“So, what are we going to study next?” It’s one of those questions that often makes small-group leaders break out in a cold sweat. Why? Because there are so many options available when it comes to Bible studies and curriculum. And having all of those options means group leaders have to make a lot of important decisions—and listen to a lot of different opinions—before the final choice is made.
In recent years, many churches have opted to navigate around the “What should we study?” question by implementing sermon-based small groups. In these programs, the study material for individual groups is automatically aligned with the pastor’s weekly sermon. Meaning, if the pastor preaches from Romans 1 on the weekend, each group will also explore Romans 1 during their discussions throughout the week.
Is a sermon-based approach right for your church? For your group? Are there ways to reduce some of the stress of selecting individual Bible studies? Are there other factors churches and groups should consider when making decisions about curriculum? These are the questions we’ll seek to answer below.
Churches and groups can uncover a number of benefits by using a sermon-based approach for their small-group ministry. For example:
- As mentioned earlier, a sermon-based approach means less hassle when it comes to choosing what each individual group will study. The study topics and texts are chosen by the pastor, which means individual group leaders are off the hook.
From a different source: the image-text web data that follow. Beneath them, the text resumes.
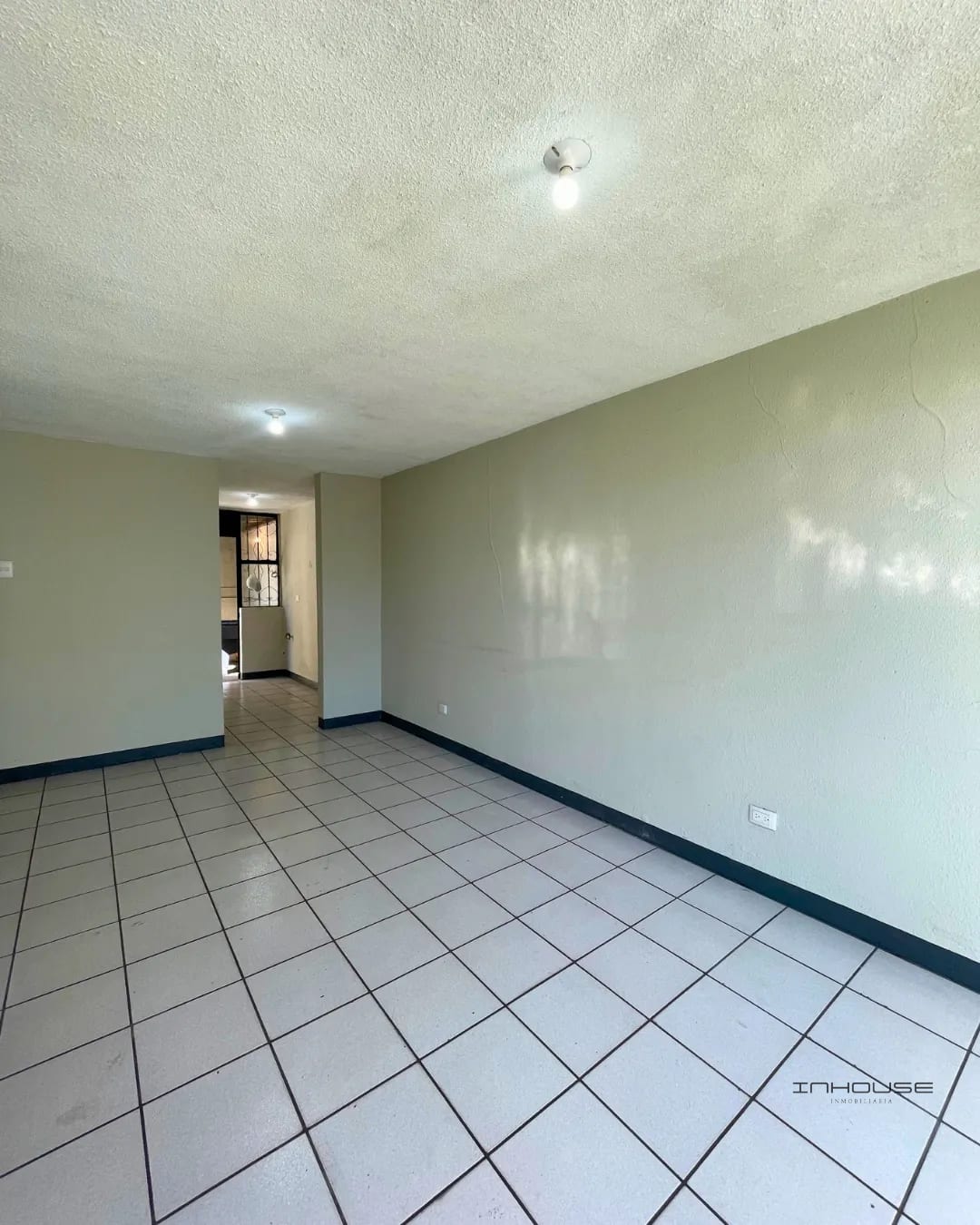 CASA EN VENTA EN VILLA NUEVA DE UN NIVEL NACIONES UNIDAS — Casa en Venta en Naciones Unidas, Villa Nueva, Guatemala, Ciudad — foto 2 de 11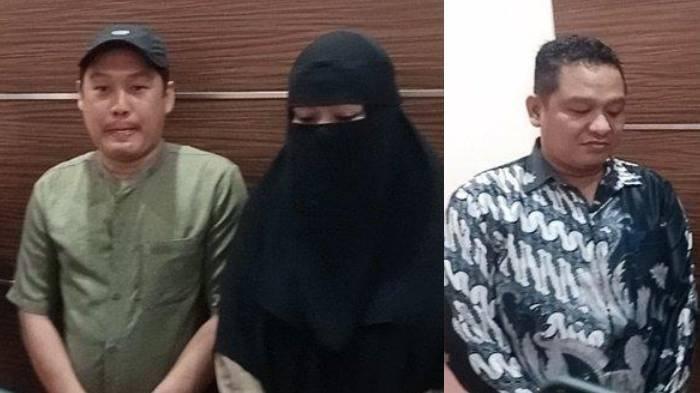 Reza Maulana ditemani sang istri Sinta Dewi didampingi kuasa hukumnya Turiman memberikan keterangan soal anaknya yang disuruh sekolah SMP IT Salsabila melepas cadar, Kamis (19/9/2024).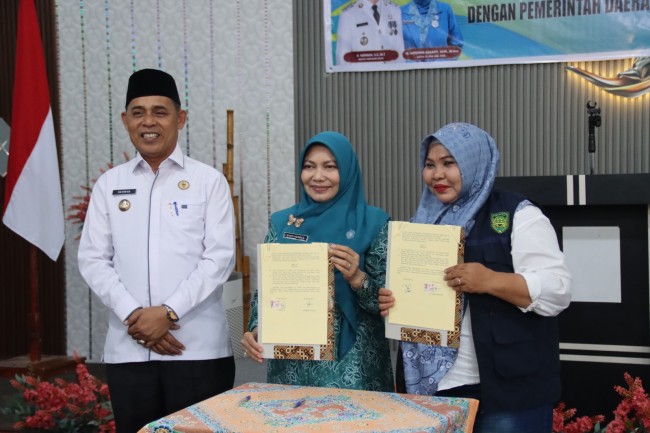 Bupati Herman Apresiasi Pelayanan Posyandu Serta Kukuhkan Pengurus Emak Sehat Se Kabupaten Indragiri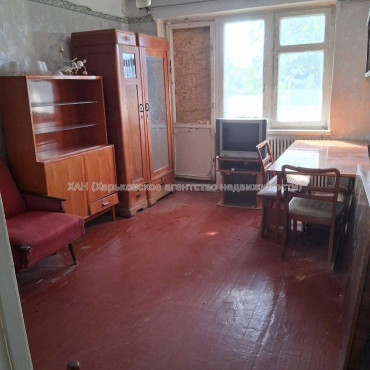 Продам квартиру, Гвардейцев Широнинцев ул. , 2 кім., 49.10 м², без ремонта 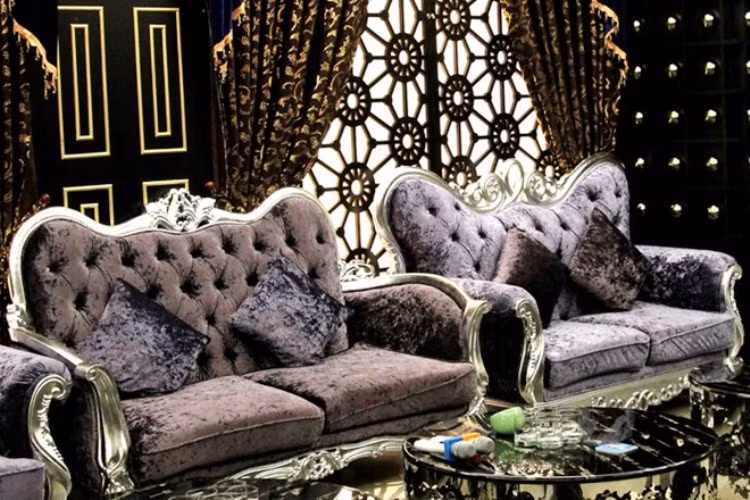 Những bộ ghế trong phòng Super Vip Karaoke King giá trị hơn 200 triệu đồng.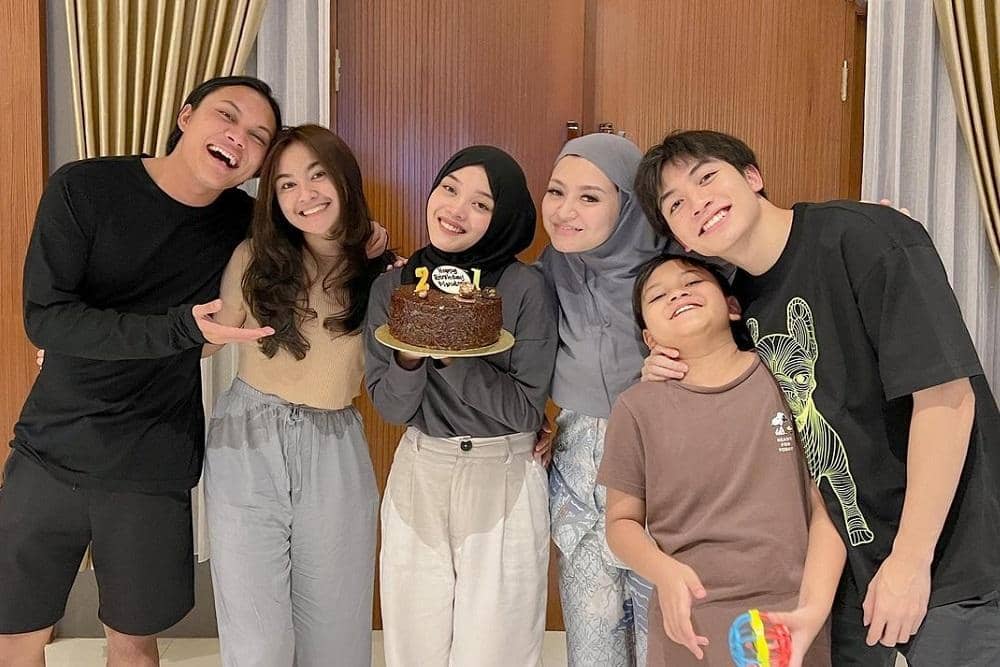 Instagram.com/putridelinaa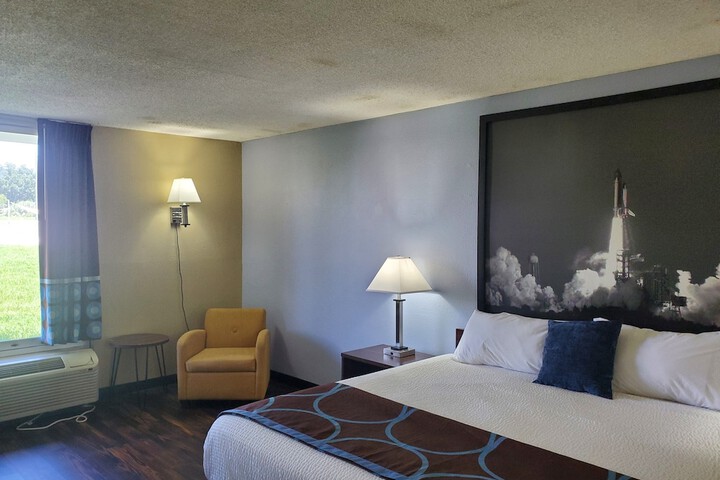 Room 32 of 67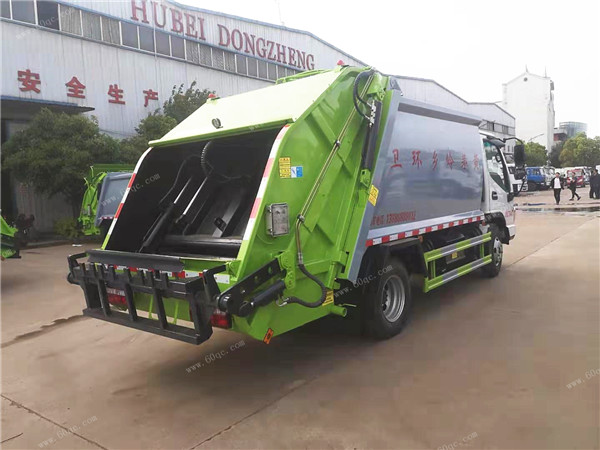 江淮5方壓縮式垃圾車(chē) 江淮5方壓縮式垃圾車(chē)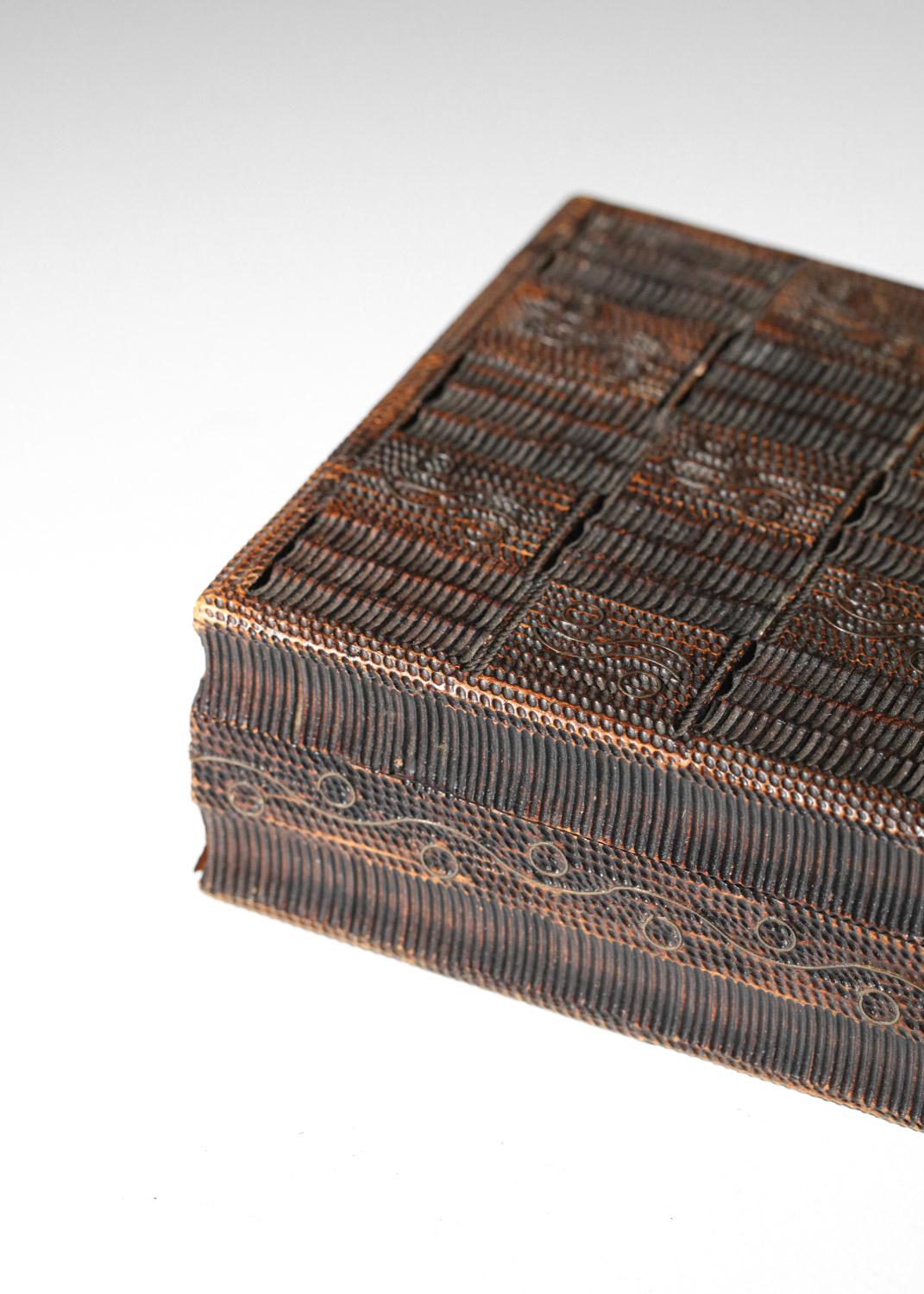 Caja de madera tallada Arte popular de los años 60 Moderno de mediados de siglo en venta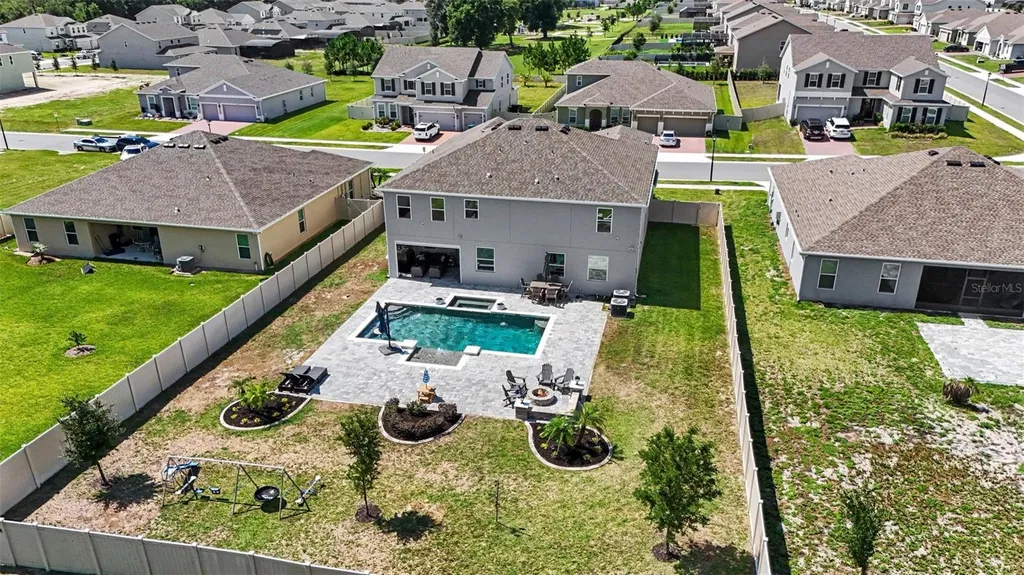 5270 Obsidian Gate Drive Mount Dora FL 32757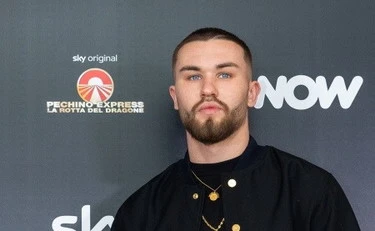 594x277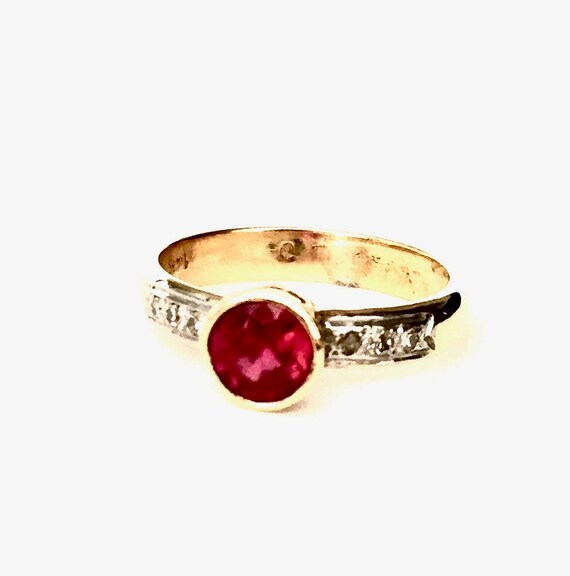 Vintage Ruby and Damond Ring - image 4
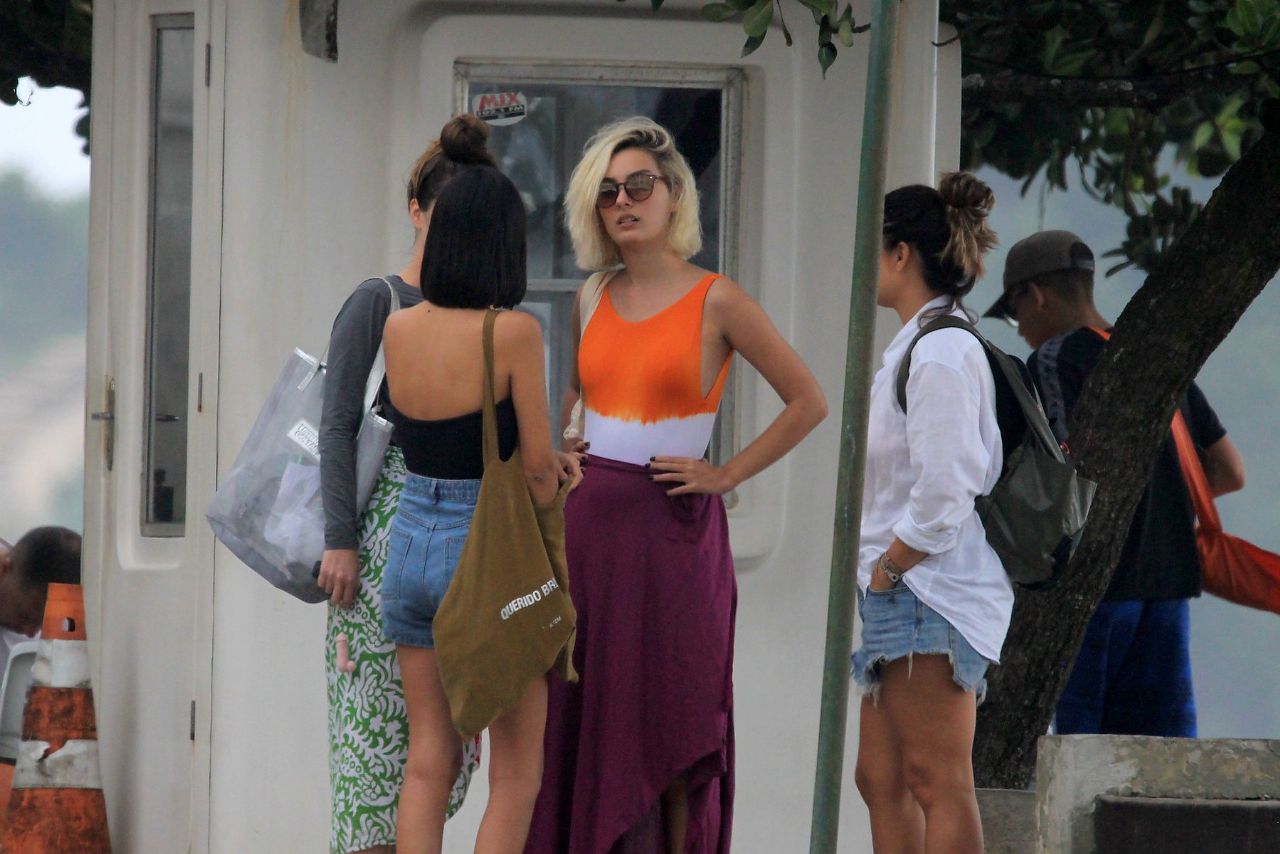 Nathalia Dill deixando a praia com Marina Moschen e amigas (Foto: AgNews) Nathalia Dill deixando a praia com Marina Moschen e amigas (Foto: AgNews)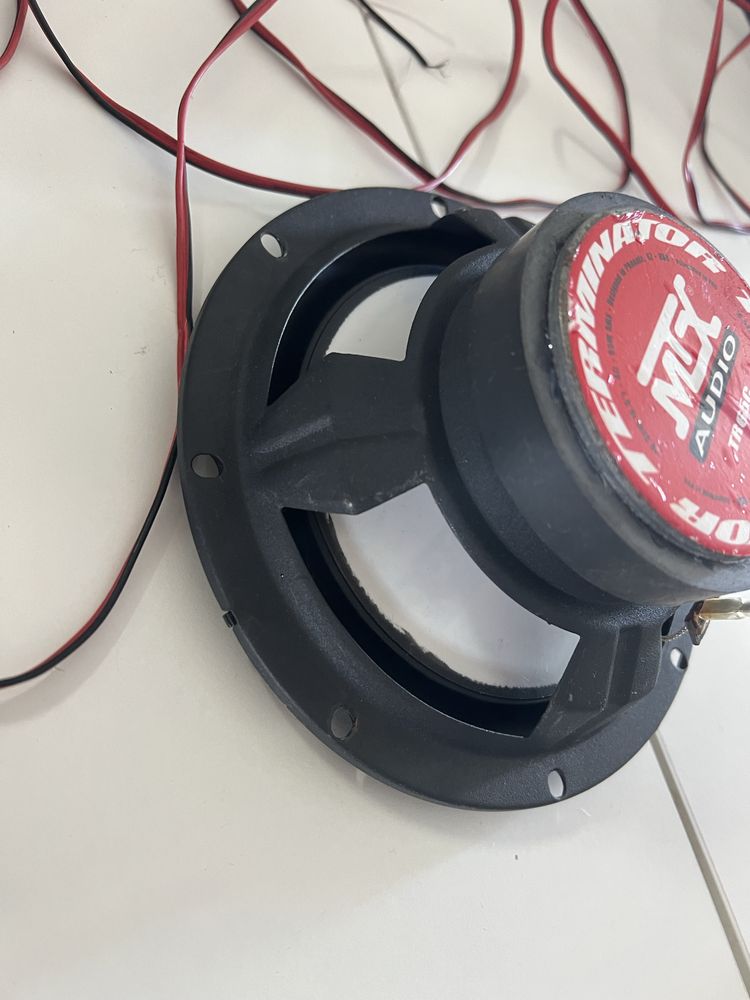 Colunas mix audio usada TR65C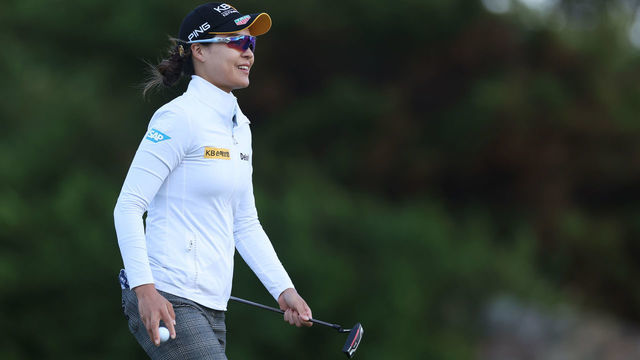 GULLANE, SCOTLAND - AUGUST 05: In Gee Chun of South Korea acknowledges the crowd during Day Two of the AIG Women's Open at Muirfield on August 05, 2022 in Gullane, Scotland.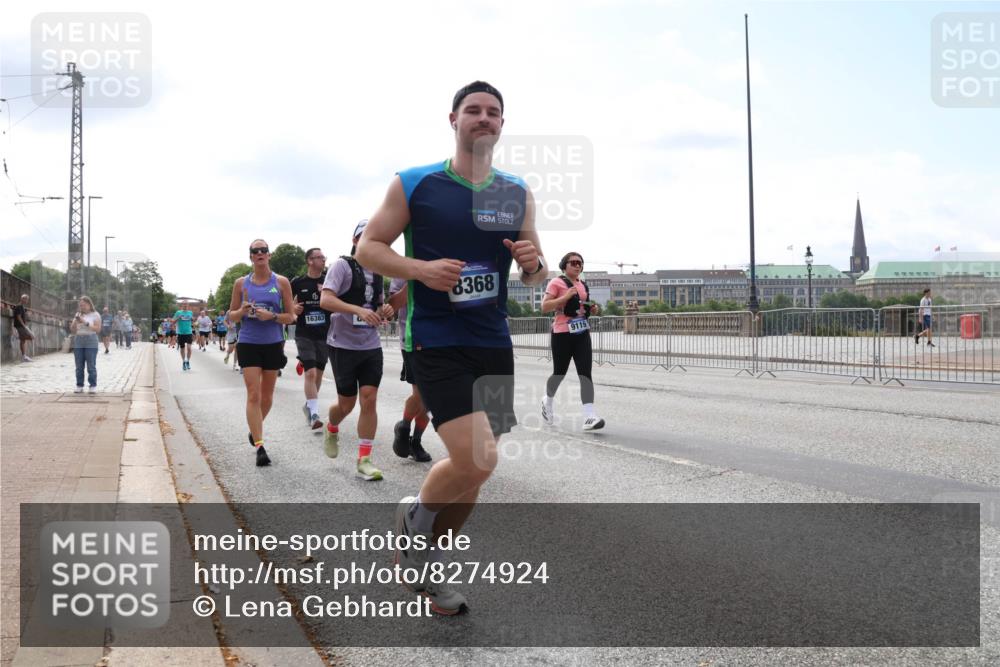 29.06.2025 - hella hamburg halbmarathon Lena Gebhardt http://msf.ph/oto/8274924 29.06.2025 10:11:29 Lombardsbrücke 1328, 1531, 1723, 1866, 1992, 2868, 3363, 3837, 4227, 4287, 5254, 5605, 5653, 7271, 7571, 8115, 8171, 8206, 8207, 8368, 8561, 8807, 8810, 9119, 9428, 10196, 10372, 10428, 11149, 11321, 11755, 12286, 12571, 12836, 13177, 13203, 13603, 13939, 14008, 14022, 14149, 15009, 15252, 15797, 15908, 15945, 16383, 17080, 17142, 17500, 17787, 17866, 18278, 18382, 19172, 19241 meine-sportfotos.de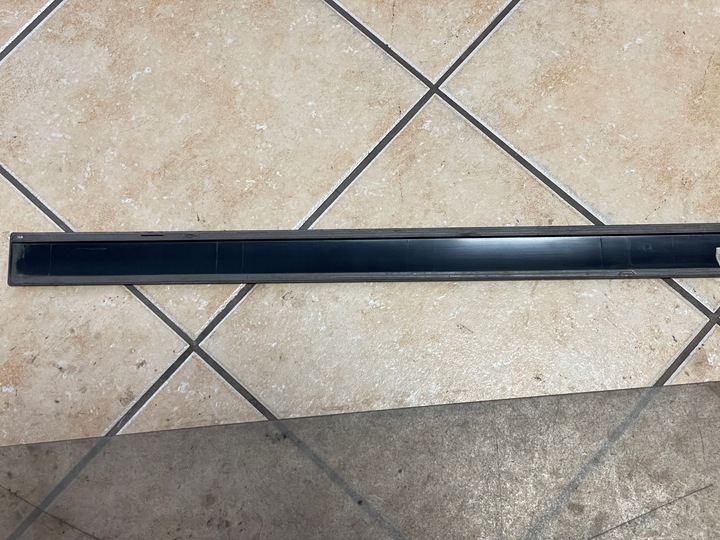 фото №6, Skoda octavia планка декоративная дверь 1z0853515-d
- More importantly, a sermon-based approach can go a long way to increasing unity between groups and congregation members within a church because the majority of members in the church are exploring the same material on the weekend and in their group gatherings. This common focus provides a strong foundation for unity and common ground within the congregation.
- Another benefit of sermon-based small groups from a curriculum standpoint is that pastors and church leaders have a greater element of control in terms of what their congregation is exposed to practically and theologically. Because the church staff chooses the direction for both sermons and group discussions, there is less chance of church members being exposed to theological viewpoints that are confusing, undeveloped, or even potentially harmful.
- Finally, choosing a sermon-based curriculum model can be a financially helpful option for individual church members—and sometimes for churches (more on that below). While some churches do purchase Bible studies for their members, it’s much more common for the financial burden of curriculum to fall on the shoulders of group leaders and group members. That’s typically not the case with sermon-based material.
From a curriculum standpoint, there are certainly a number of benefits to choosing a sermon-based approach for Bible studies. There are also a number of potentially negative consequences, however, that need to be added to the equation. For example:
- A sermon-based approach to group curriculum requires a lot of planning and detail work on behalf of the pastor. Because sermons are the foundation of the Bible study material, pastors need to plan out their sermon series many weeks in advance. They also have to keep the needs of groups in mind when producing these schedules, which can result in less flexibility to be spontaneous or respond to real-world events.
- Next, sermon-based curriculum will require a lot of additional work from church staff and key volunteers. Simply put, the burden of producing Bible studies and other promotional material falls squarely on churches that use a sermon-based approach. Someone needs to adapt the sermon into a Bible study format. Someone also needs to arrange and print the material—not to mention producing any promotional materials to help get the word out. Instead of traditional publishers, these responsibilities will fall on church staff and volunteers.